» **Requirement**
All that is needed is the run of lines from the top of the entries to the line with "German Dance. VWMLa.192 - staff notation", that line included, repeated exactly and free of pictures.

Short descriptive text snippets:

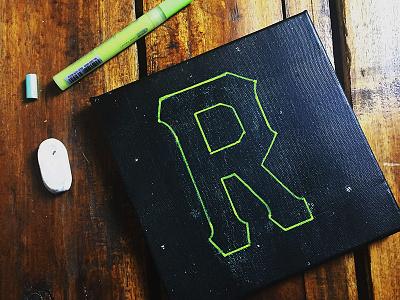 Letter R Outline graffiti handmade handstyle handwriting hanoi marble monoline rawtype tag type typography vietnam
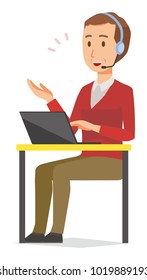 A middle-aged man wearing a sweater is talking on income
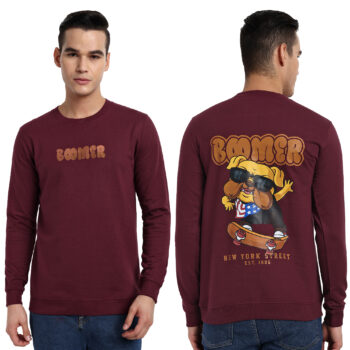 Mens Graphic Print Regular Sweatshirt With Round Neck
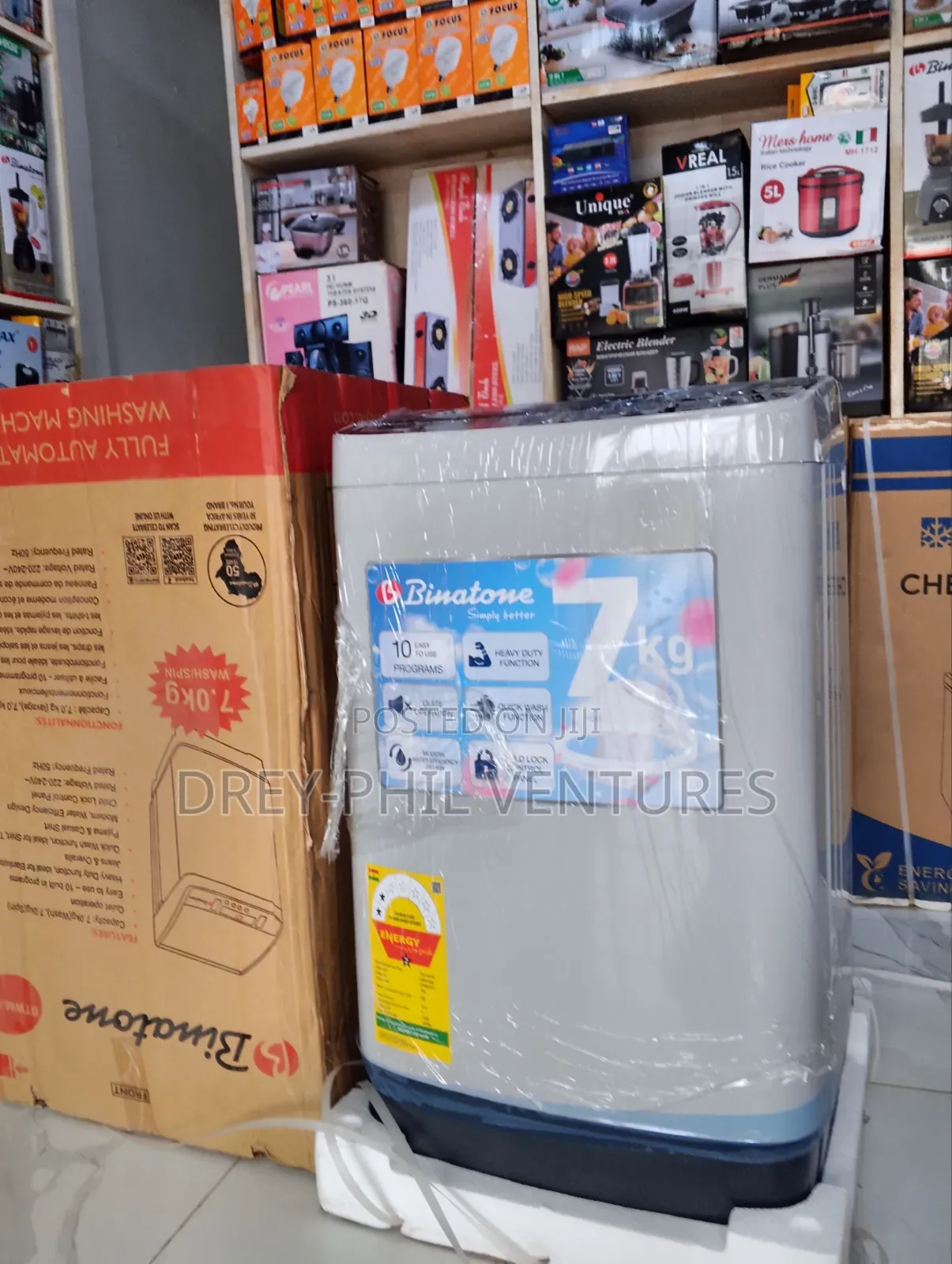 Powerful Washing Machine Binatone 7kg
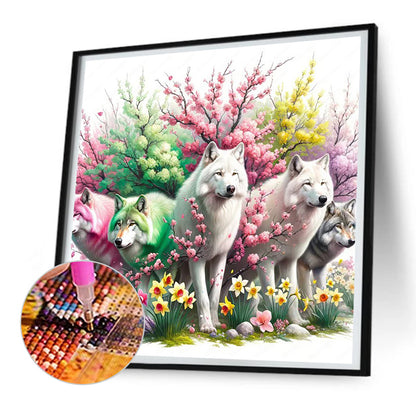 Garden Wolf - Full Round Drill Diamond Painting 30*30CM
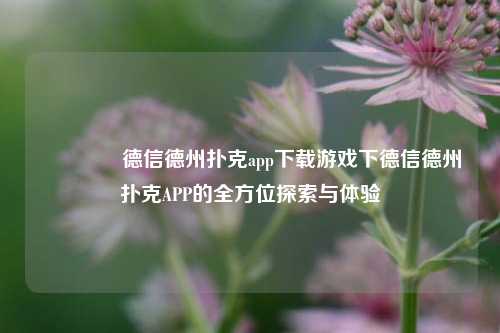 🏅德信德州扑克app下载游戏下德信德州扑克APP的全方位探索与体验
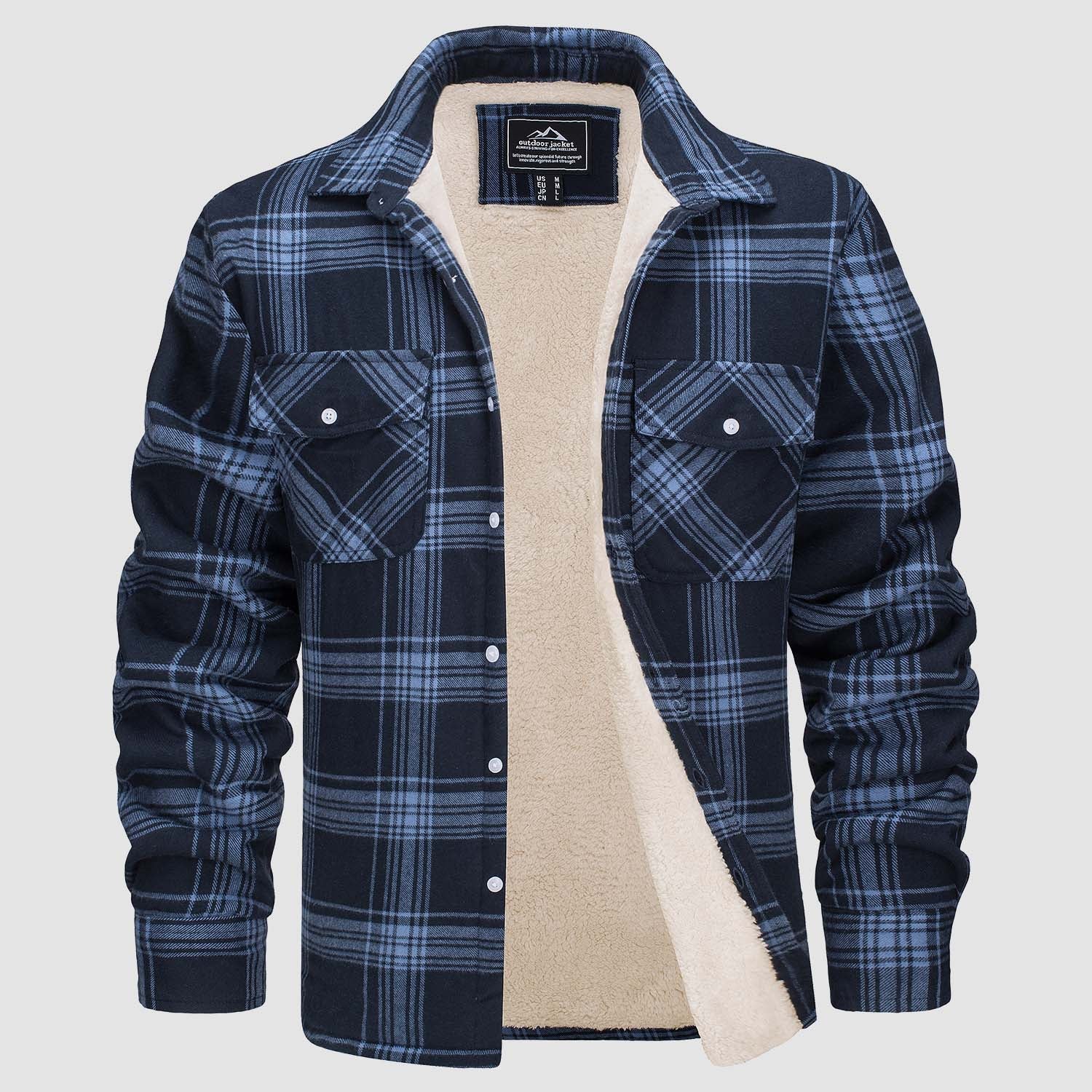 Men's flannel shirt jacket fleece-lined windproof cotton with two side pockets warm layer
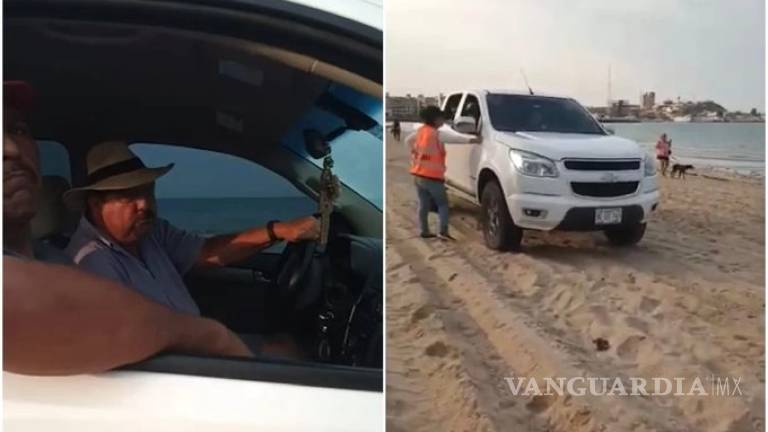 Papá de alcaldesa de Hermosillo pasea en la playa ¡con su camioneta!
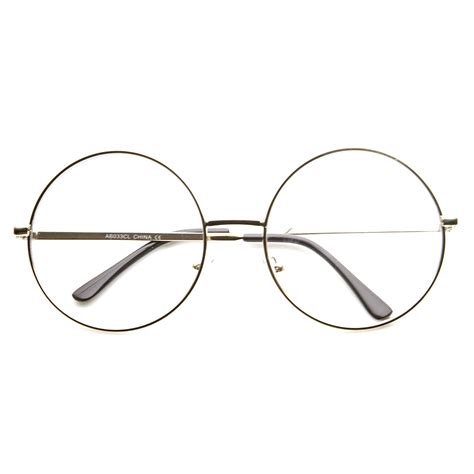1920s Vintage Era Large Round Metal Clear Lens Glasses 8714 Vintage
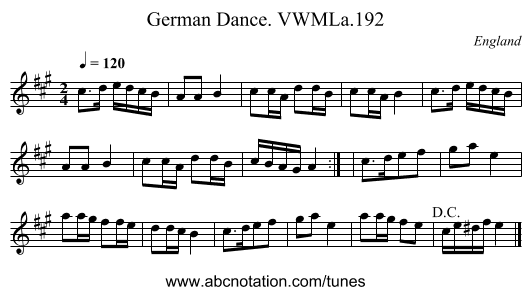German Dance. VWMLa.192 - staff notation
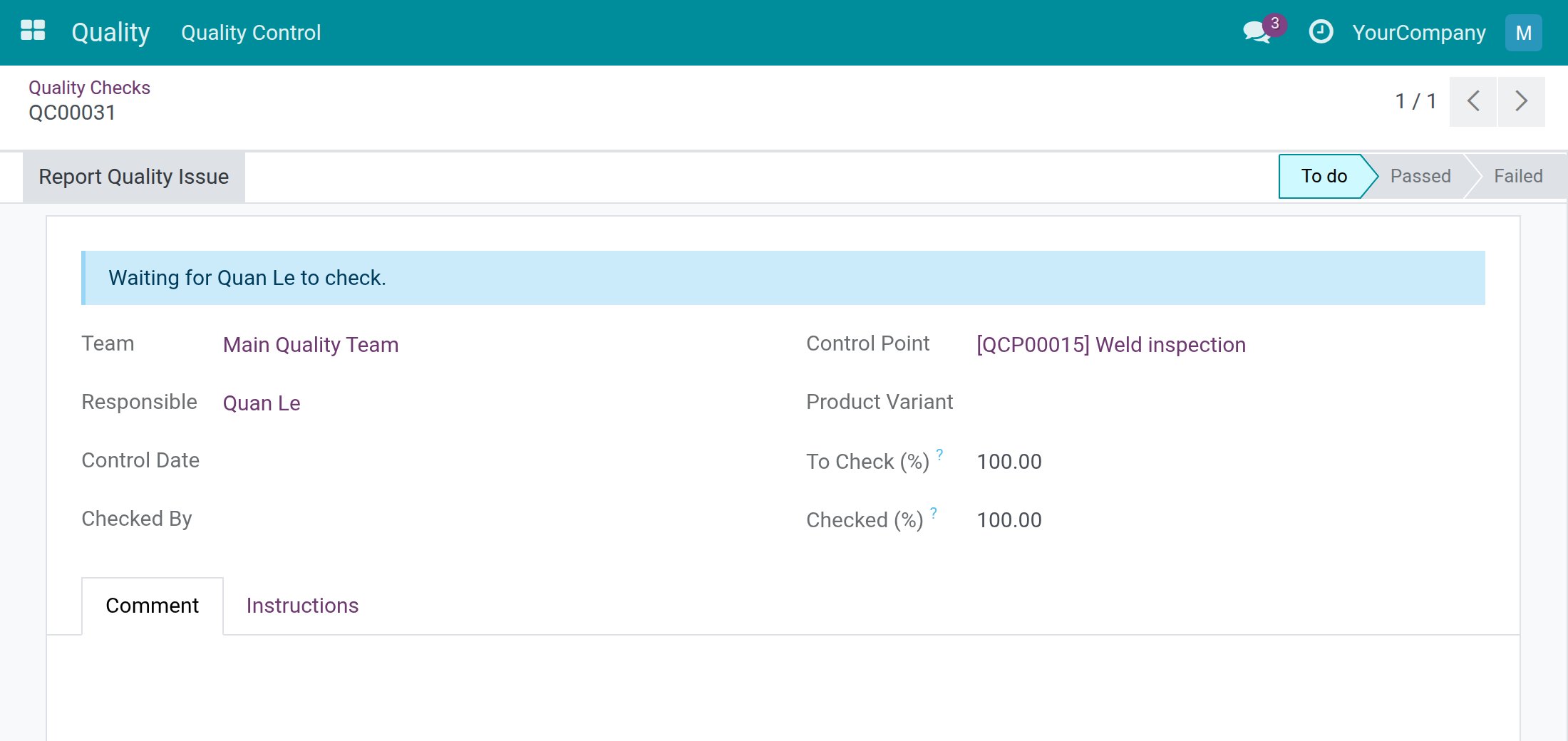 A quality check opened by someone who is not its Responsible, showing the waiting message and the Responsible field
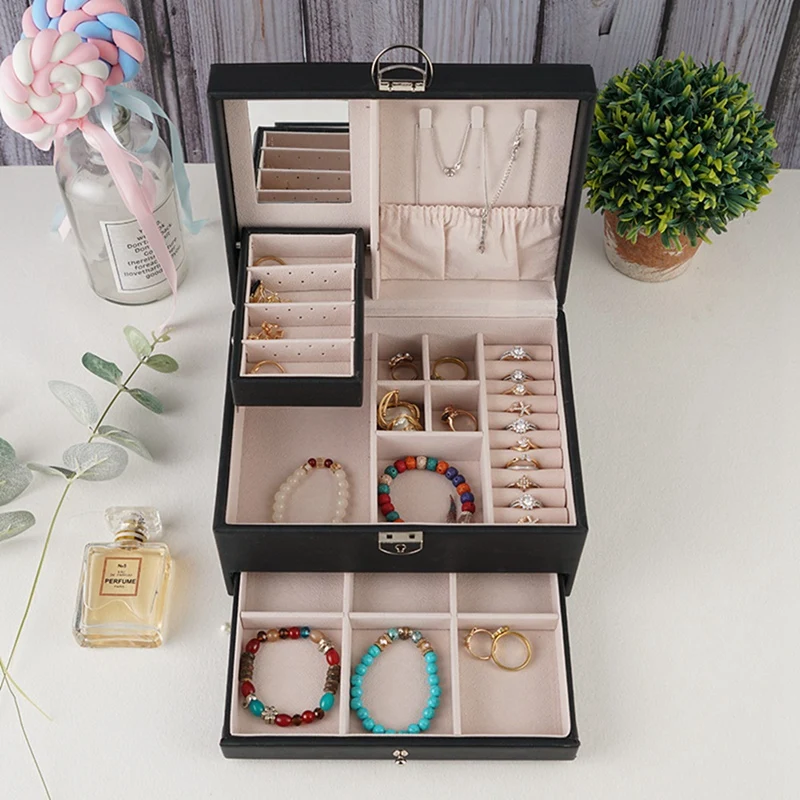 New PU Double Drawer Jewelry Box Large Capacity Jewelry Box Ring Earrings Necklace Jewelry Storage Box Easy Install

» **Reply to the exercise**
 Letter R Outline graffiti handmade handstyle handwriting hanoi marble monoline rawtype tag type typography vietnam
 A middle-aged man wearing a sweater is talking on income
 Mens Graphic Print Regular Sweatshirt With Round Neck
 Powerful Washing Machine Binatone 7kg
 Garden Wolf - Full Round Drill Diamond Painting 30*30CM
 🏅德信德州扑克app下载游戏下德信德州扑克APP的全方位探索与体验
 Men's flannel shirt jacket fleece-lined windproof cotton with two side pockets warm layer
 Papá de alcaldesa de Hermosillo pasea en la playa ¡con su camioneta!
1920s Vintage Era Large Round Metal Clear Lens Glasses 8714 Vintage
German Dance. VWMLa.192 - staff notation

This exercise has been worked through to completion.